If your employer gives you a choice of plans or you need to purchase your own coverage, it is crucial that you understand your health insurance choices and pick the plan that best suits you and your family.

Here are some questions you should ask yourself when choosing a health insurance plan:

  1. How affordable is the cost of care?

    • What is the monthly premium I will have to pay?
    • Should I try to insure most of my medical expenses or just the catastrophic expenses?
    • What deductibles will I have to pay out of pocket before the insurance plan starts paying?
    • After I have met my annual deductible, what coinsurance will I pay before my out of pocket maximum is met?
    • What expenses will I incur if I use out of network doctors and hospitals?
  2. Does the insurance plan cover the services I am likely to use?

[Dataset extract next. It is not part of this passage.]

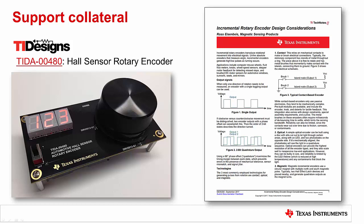Shown here is a TI design detailing the design process for implementing rotary encoding using two of the DRV5013 hall effect latches. In addition, we have published a TI app brief discussing the design considerations for choosing a hall latch for rotary encoding applications.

    • Are the doctors, hospitals, laboratories and other medical providers that I use in the plan’s network?
    • Do I have out of network benefits? If so, what are the deductibles and coinsurance expenses?
    • Is a primary care doctor needed for referrals?
    • What happens in the case of an emergency or urgent care situation out of network?
    • Are pre-existing conditions covered? If not, when will they be covered?
    • How can I find out if my prescriptions are covered and what tier level will I pay for my prescriptions.
    • Does the plan cover alternative medical therapies such as acupuncture or chiropractic treatments?
      Is Maternity covered?
  3. What is the Quality of the Insurance Carrier which I have chosen?

    • How have independent government and non-government organizations rated the plan you have selected?

      For example, the National Committee for Quality Assurance (www.ncqa.org) issues a Consumer Assessment of Health Plans (CAHPS) report for every medical plan and facility.

    • What kind of accreditation has the plan received from groups such as NCQA or the Joint Commission on Accreditation of Healthcare Organizations (JCAHO)? (www.jcaho.org)
    • How many patient complaints were filed against the plan last year and how many were upheld by state regulatory agencies like the state insurance commission or the state medical licensing board?
    • Do the doctors, pharmacies and other services in the plan offer convenient times and locations?
    • Does the plan pay for preventive care such as diet and exercise advice, immunizations and yearly mammograms, yearly physicals and preventive colonoscopies.